From the entries below, reproduce exactly the lines from the one with "VILA OLÍMPIA — Punta Ballena Café" through the one with "4717 25 AV NW, Edmonton, Alberta, T6L6J2, Edmonton, Alberta", both included, without images.

:: DATA FOR REVIEW

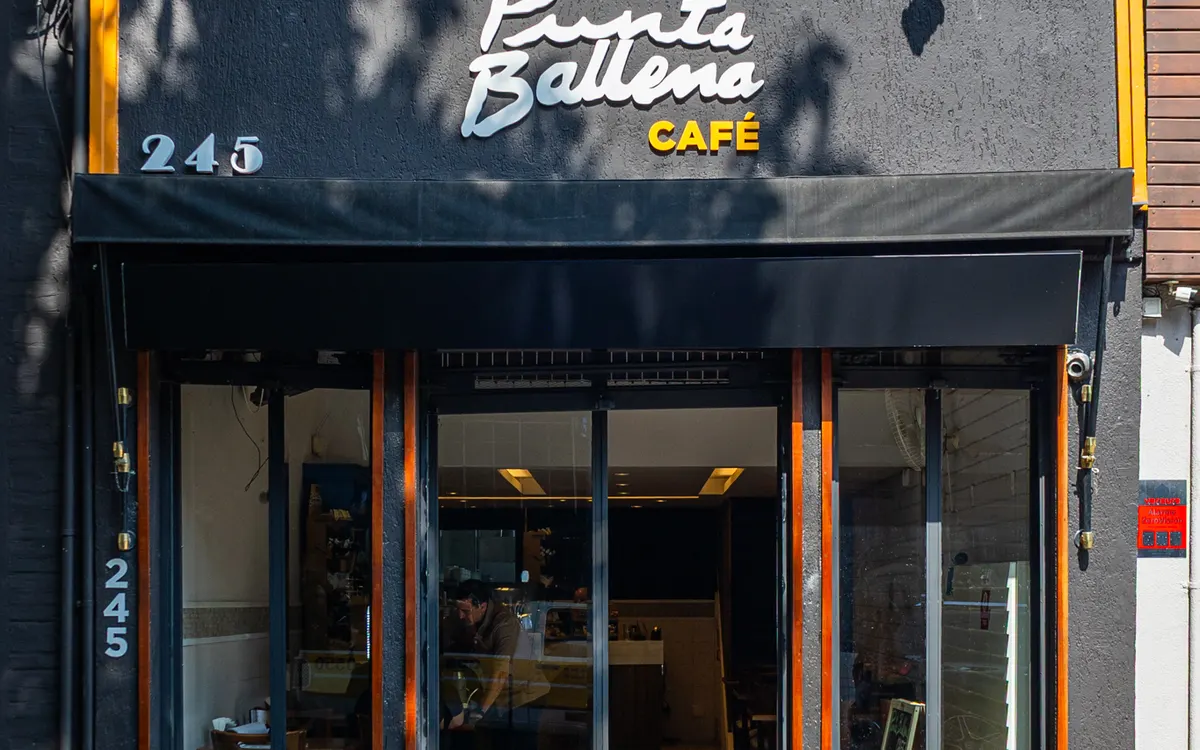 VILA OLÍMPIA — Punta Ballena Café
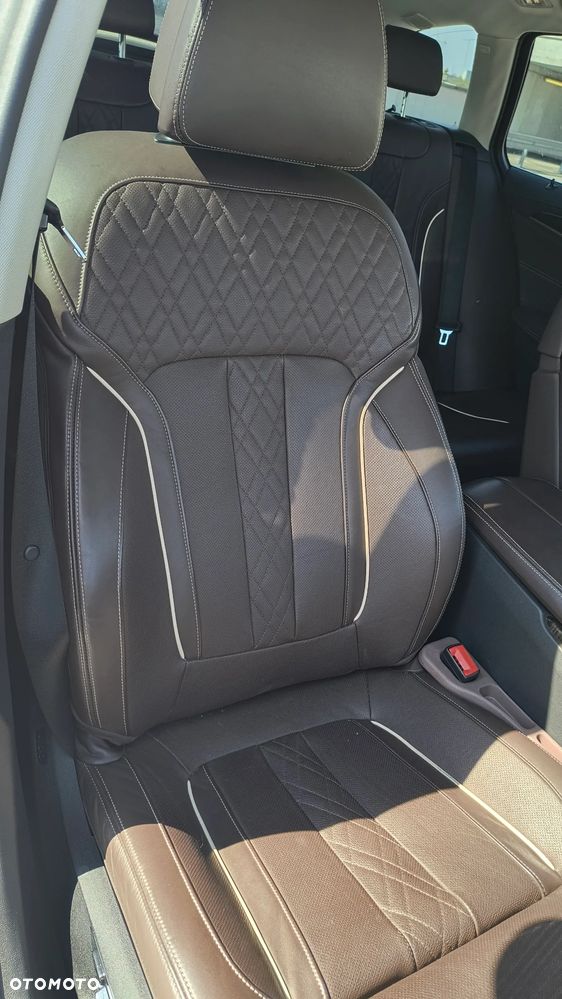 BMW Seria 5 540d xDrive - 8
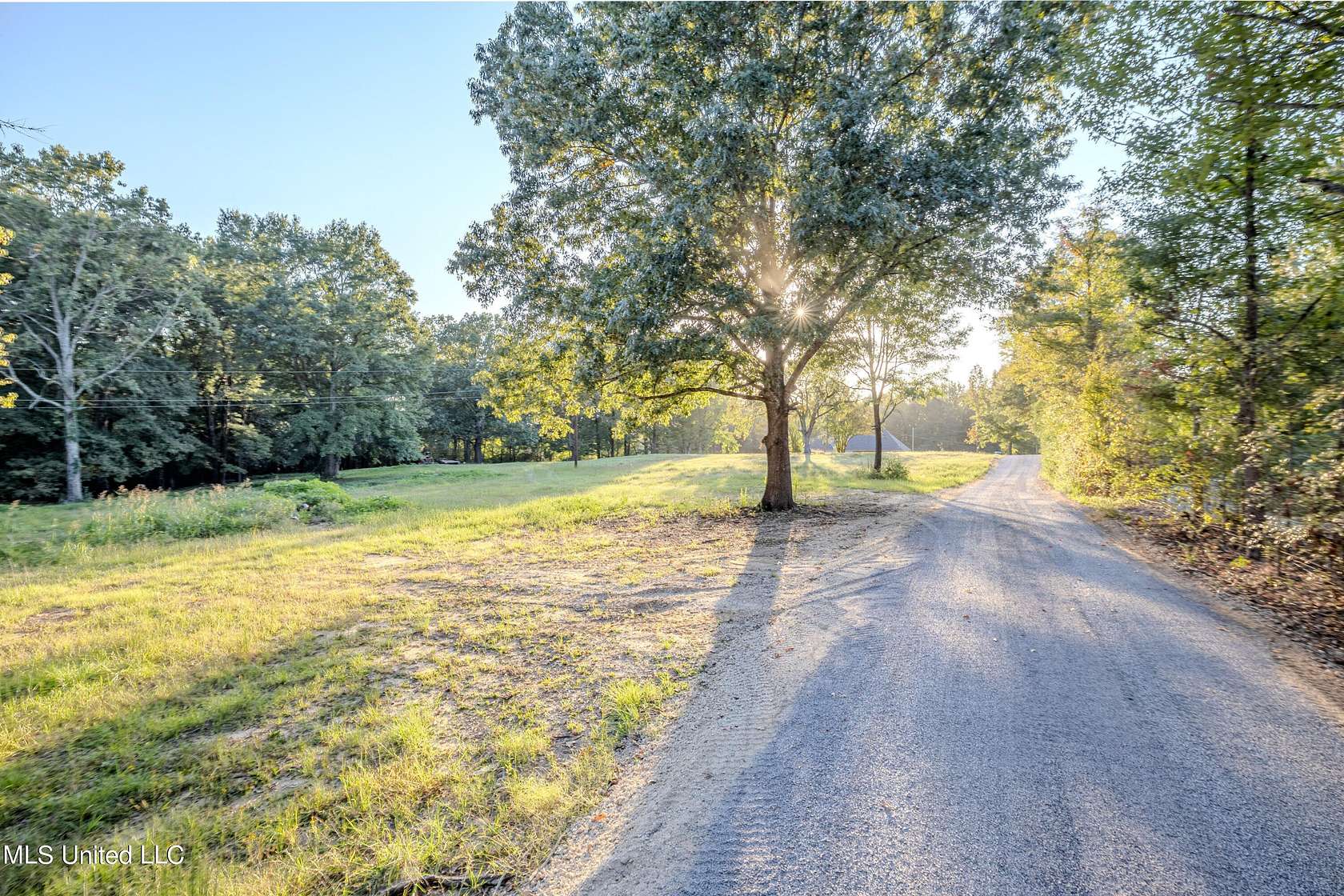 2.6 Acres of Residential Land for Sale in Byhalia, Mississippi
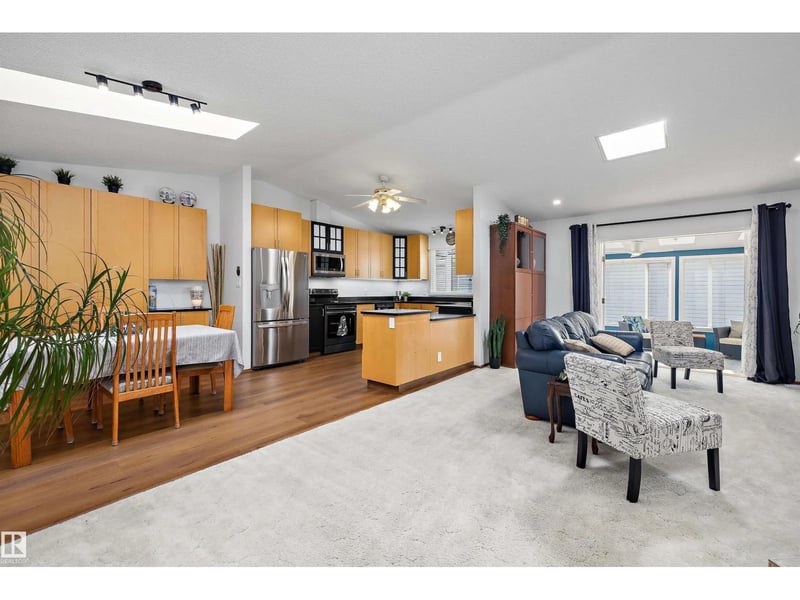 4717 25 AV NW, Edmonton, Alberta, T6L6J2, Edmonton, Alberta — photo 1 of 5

::::
:: DATA FOR REVIEW

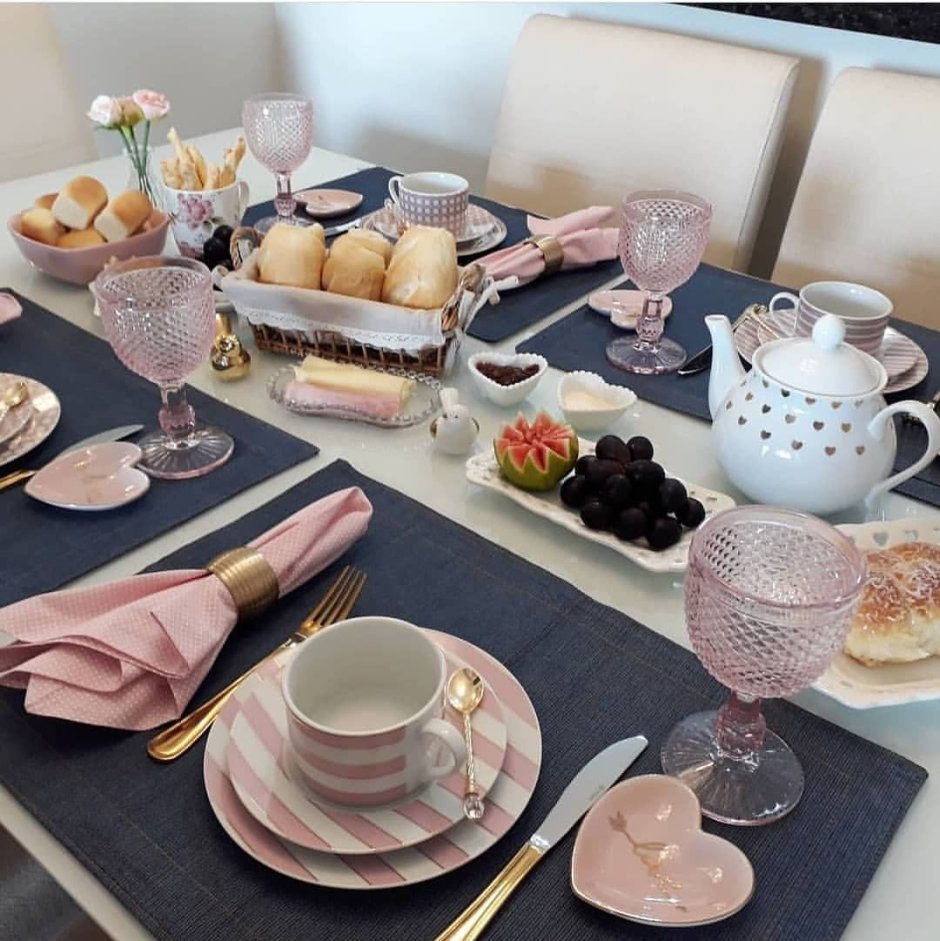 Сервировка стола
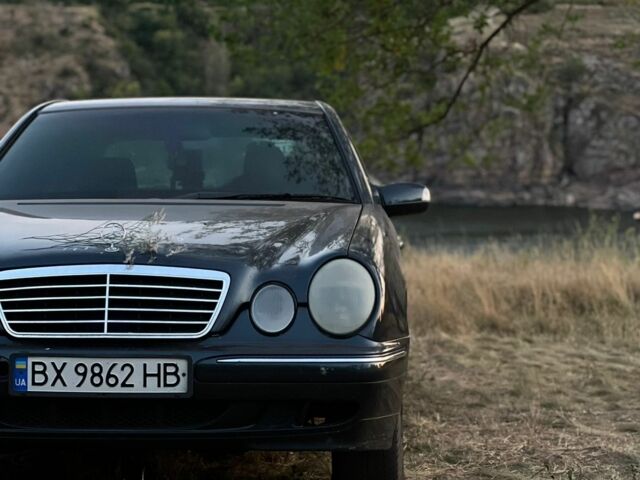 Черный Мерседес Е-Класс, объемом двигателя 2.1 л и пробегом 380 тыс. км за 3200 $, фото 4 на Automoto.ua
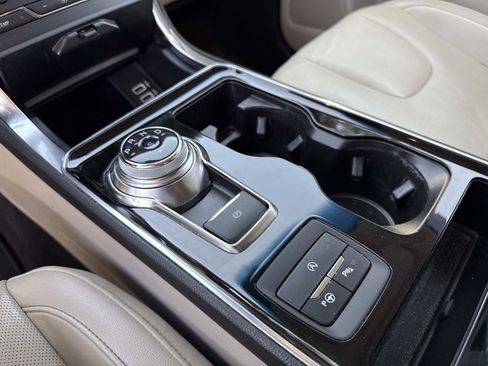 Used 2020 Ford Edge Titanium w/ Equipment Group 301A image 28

::::

__REPLY__
 VILA OLÍMPIA — Punta Ballena Café
 BMW Seria 5 540d xDrive - 8
 2.6 Acres of Residential Land for Sale in Byhalia, Mississippi
 4717 25 AV NW, Edmonton, Alberta, T6L6J2, Edmonton, Alberta — photo 1 of 5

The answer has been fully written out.